The cause of Endometriosis is not fully understood, but it is known that the hormone estrogen makes it worse. Several theories exist, including the once popular explanation, retrograde menstruation. In retrograde menstruation, menstrual blood flows back through the fallopian tubes and into the pelvic cavity instead of out of the body. However recent studies have shown that 90% of women experience retrograde menstruation, and only 10% of those women develop endometriosis. Other theories link the cause to immune disorders and the bodies inflammatory response, but the development process in these causes is still not understood. Because of the lack of pinpointing a cause for endometriosis, it can be misdiagnosed and left untreated for many years. The only way to verify a case of endometriosis is by collecting a biopsy of the affected area through a diagnostic laparoscopy.

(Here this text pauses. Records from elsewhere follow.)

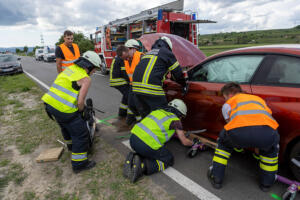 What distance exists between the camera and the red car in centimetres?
216

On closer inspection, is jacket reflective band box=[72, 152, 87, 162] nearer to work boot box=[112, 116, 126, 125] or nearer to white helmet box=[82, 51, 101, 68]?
white helmet box=[82, 51, 101, 68]

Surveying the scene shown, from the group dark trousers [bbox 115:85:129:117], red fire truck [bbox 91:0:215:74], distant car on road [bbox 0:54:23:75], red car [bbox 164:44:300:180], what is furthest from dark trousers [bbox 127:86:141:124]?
distant car on road [bbox 0:54:23:75]

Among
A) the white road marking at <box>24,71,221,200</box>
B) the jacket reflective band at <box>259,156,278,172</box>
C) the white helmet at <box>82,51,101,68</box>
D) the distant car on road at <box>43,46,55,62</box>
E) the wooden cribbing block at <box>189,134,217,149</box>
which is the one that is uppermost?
the distant car on road at <box>43,46,55,62</box>

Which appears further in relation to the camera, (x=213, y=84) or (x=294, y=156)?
(x=213, y=84)

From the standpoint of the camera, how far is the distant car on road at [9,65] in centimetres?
1263

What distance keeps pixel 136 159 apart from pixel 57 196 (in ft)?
3.31

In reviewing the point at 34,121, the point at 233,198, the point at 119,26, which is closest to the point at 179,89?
the point at 233,198

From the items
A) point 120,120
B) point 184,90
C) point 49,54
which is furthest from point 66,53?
point 49,54

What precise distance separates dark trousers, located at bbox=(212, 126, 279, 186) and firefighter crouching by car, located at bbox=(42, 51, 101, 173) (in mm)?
1750

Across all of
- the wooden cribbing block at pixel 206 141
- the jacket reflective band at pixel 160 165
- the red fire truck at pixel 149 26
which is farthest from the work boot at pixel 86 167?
the red fire truck at pixel 149 26

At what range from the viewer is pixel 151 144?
2613mm

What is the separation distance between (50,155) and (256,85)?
3089mm

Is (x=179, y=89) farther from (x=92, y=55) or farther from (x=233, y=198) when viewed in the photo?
(x=233, y=198)

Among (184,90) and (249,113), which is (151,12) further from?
(249,113) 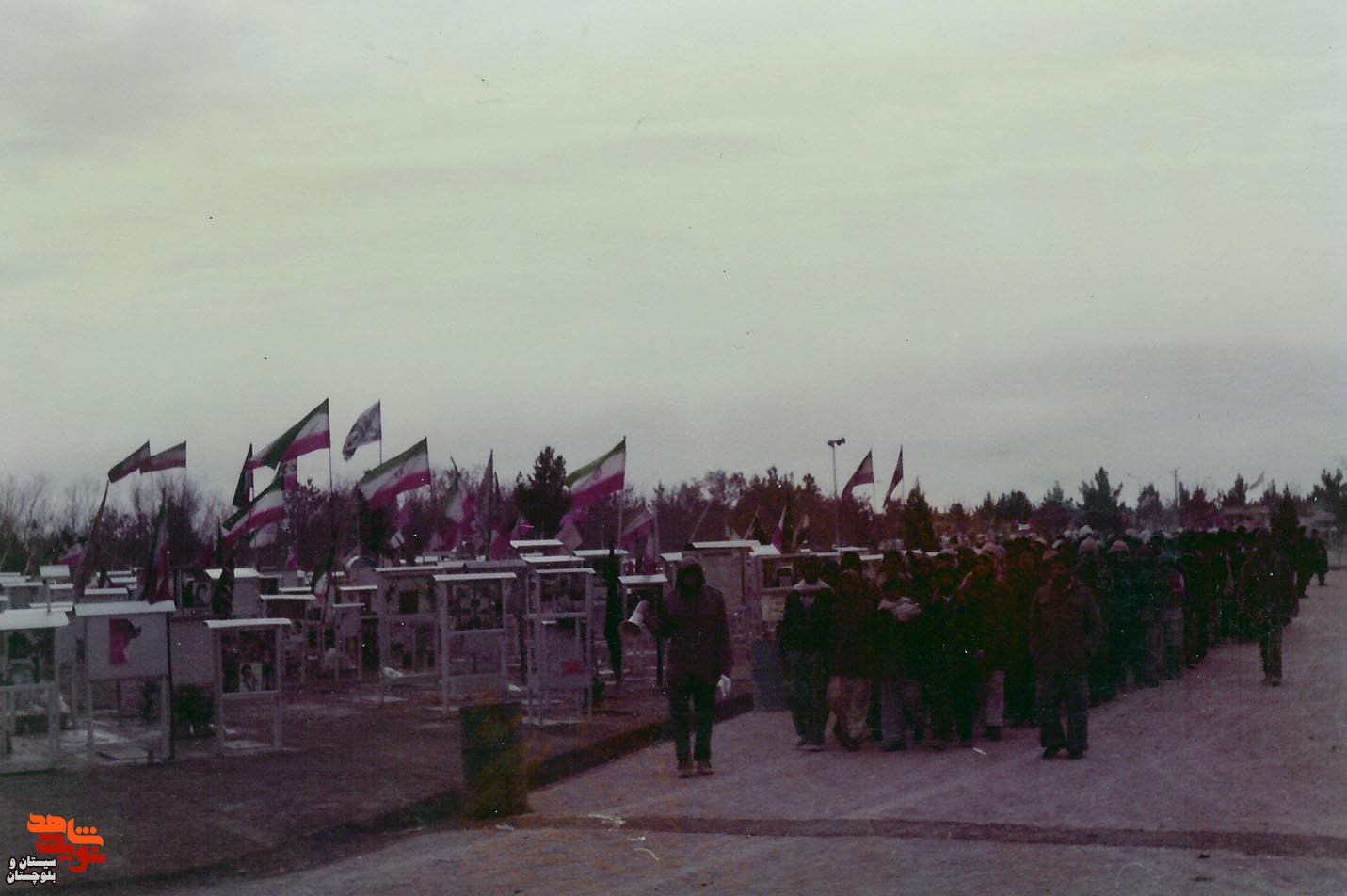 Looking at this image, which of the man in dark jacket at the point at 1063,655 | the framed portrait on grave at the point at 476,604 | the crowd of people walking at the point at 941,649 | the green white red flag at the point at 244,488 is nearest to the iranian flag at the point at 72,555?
the green white red flag at the point at 244,488

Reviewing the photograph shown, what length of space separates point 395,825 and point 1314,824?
22.9 ft

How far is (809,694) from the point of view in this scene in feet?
54.3

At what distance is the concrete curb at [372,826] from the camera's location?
37.2 ft

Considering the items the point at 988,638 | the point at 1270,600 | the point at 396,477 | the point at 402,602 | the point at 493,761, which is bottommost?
the point at 493,761

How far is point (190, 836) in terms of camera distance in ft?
40.9

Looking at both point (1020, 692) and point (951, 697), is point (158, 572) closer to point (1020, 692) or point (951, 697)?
point (951, 697)

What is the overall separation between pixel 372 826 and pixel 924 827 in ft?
15.1

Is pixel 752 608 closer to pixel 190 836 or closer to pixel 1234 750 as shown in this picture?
pixel 1234 750

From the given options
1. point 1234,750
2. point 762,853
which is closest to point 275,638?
point 762,853

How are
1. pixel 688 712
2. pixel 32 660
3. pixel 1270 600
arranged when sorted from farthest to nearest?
pixel 1270 600, pixel 32 660, pixel 688 712

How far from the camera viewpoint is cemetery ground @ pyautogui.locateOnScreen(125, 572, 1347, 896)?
965 cm

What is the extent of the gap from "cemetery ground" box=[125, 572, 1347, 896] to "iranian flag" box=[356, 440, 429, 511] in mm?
10766

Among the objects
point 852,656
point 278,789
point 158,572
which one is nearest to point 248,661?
point 158,572

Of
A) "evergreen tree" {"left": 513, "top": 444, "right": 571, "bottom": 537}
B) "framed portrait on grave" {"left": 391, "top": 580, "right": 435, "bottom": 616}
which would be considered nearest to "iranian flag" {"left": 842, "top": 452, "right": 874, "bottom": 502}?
"framed portrait on grave" {"left": 391, "top": 580, "right": 435, "bottom": 616} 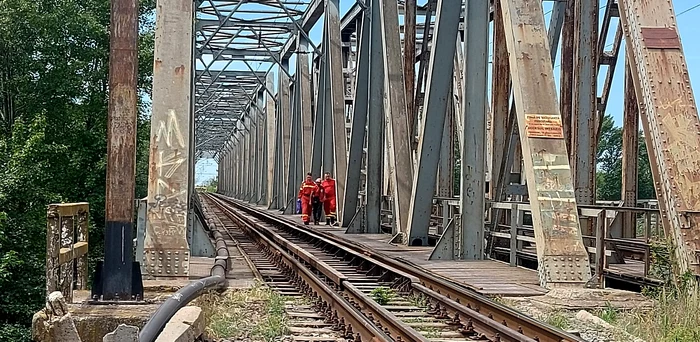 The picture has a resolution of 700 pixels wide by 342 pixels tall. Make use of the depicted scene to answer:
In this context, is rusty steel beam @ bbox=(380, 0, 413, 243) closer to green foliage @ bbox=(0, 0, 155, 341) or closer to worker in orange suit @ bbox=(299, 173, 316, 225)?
worker in orange suit @ bbox=(299, 173, 316, 225)

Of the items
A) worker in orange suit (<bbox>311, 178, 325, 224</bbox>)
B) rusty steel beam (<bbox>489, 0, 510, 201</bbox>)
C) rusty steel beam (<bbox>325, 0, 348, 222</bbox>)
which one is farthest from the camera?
worker in orange suit (<bbox>311, 178, 325, 224</bbox>)

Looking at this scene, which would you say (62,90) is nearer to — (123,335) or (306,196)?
(306,196)

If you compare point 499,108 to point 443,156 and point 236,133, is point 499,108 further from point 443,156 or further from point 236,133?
point 236,133

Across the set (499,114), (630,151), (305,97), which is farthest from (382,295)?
(305,97)

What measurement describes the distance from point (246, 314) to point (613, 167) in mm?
48834

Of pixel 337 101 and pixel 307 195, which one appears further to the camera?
pixel 307 195

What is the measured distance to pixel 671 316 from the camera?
22.5ft

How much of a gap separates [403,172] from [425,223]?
136 cm

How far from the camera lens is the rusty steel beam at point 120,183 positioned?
766 cm

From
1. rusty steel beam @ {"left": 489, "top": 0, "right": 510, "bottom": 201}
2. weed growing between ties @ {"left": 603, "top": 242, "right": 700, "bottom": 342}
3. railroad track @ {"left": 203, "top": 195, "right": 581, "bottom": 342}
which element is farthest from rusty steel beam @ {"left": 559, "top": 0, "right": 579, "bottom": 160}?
weed growing between ties @ {"left": 603, "top": 242, "right": 700, "bottom": 342}

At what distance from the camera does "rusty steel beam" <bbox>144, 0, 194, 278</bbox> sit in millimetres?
9438

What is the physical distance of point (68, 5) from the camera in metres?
25.0

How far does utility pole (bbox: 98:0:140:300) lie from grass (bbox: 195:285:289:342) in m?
0.77

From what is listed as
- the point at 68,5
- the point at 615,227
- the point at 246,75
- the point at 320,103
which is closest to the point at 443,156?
the point at 615,227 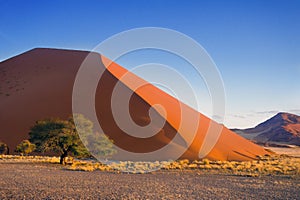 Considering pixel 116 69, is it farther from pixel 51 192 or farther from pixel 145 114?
pixel 51 192

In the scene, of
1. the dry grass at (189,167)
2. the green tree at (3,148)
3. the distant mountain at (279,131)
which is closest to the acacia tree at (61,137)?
the dry grass at (189,167)

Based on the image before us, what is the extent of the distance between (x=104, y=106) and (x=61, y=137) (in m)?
18.0

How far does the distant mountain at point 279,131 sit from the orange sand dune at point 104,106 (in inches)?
1906

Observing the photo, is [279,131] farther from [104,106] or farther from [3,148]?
[3,148]

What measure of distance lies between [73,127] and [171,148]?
13539mm

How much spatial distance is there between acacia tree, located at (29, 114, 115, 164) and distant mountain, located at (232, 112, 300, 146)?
73.4 m

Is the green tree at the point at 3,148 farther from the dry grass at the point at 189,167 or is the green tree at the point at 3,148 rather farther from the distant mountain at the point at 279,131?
the distant mountain at the point at 279,131

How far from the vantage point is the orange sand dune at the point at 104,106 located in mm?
39219

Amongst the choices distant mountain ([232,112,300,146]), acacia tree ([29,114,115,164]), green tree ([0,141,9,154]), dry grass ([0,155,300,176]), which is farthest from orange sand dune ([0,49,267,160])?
distant mountain ([232,112,300,146])

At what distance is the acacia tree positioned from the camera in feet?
84.4

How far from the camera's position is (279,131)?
122438mm

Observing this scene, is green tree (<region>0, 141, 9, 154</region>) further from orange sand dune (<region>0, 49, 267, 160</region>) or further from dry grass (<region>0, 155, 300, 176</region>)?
dry grass (<region>0, 155, 300, 176</region>)

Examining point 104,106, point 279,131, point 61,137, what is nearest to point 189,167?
point 61,137

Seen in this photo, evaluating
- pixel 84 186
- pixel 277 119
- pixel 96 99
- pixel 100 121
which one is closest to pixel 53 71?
pixel 96 99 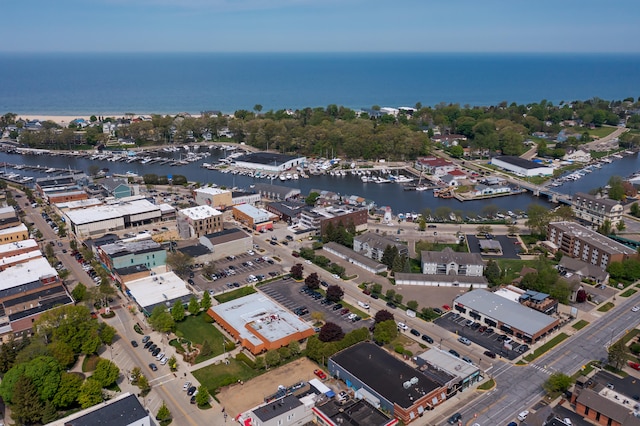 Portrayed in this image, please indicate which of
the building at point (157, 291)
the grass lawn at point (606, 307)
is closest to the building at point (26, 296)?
the building at point (157, 291)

While there is no cure for endometriosis, there are several ways to treat it. Medications or surgery are the most common, but a doctor will choose the best treatment depending on the severity of the symptoms. Some treatments include:
Anti-inflammatory drugs – can reduce pain and bleeding.
Birth control pills – can alleviate the pain of endometriosis by suppressing menstruation and inhibiting the growth of the endometrial tissue.
Hormone therapy – can shrink the growth of the tissue and stops the period from occurring for a period of time.
Endometrial Ablation – ablates (permanently removes) the lining of the uterus, or the endometrium, which stops or reduces menstrual bleeding (for women that do not wish to have future children.
Laparoscopy surgery – can remove the extra endometrium and scar tissue
Hysterectomy surgery – removes the uterus and ovaries (for women who will forgo bearing future children)
Symptoms usually go away naturally when menstruation stops at menopause. It’s important to talk to a gynecologist about any symptoms related to reproductive health, and although there is no current cure for Endometriosis, a doctor will be able to help someone manage it.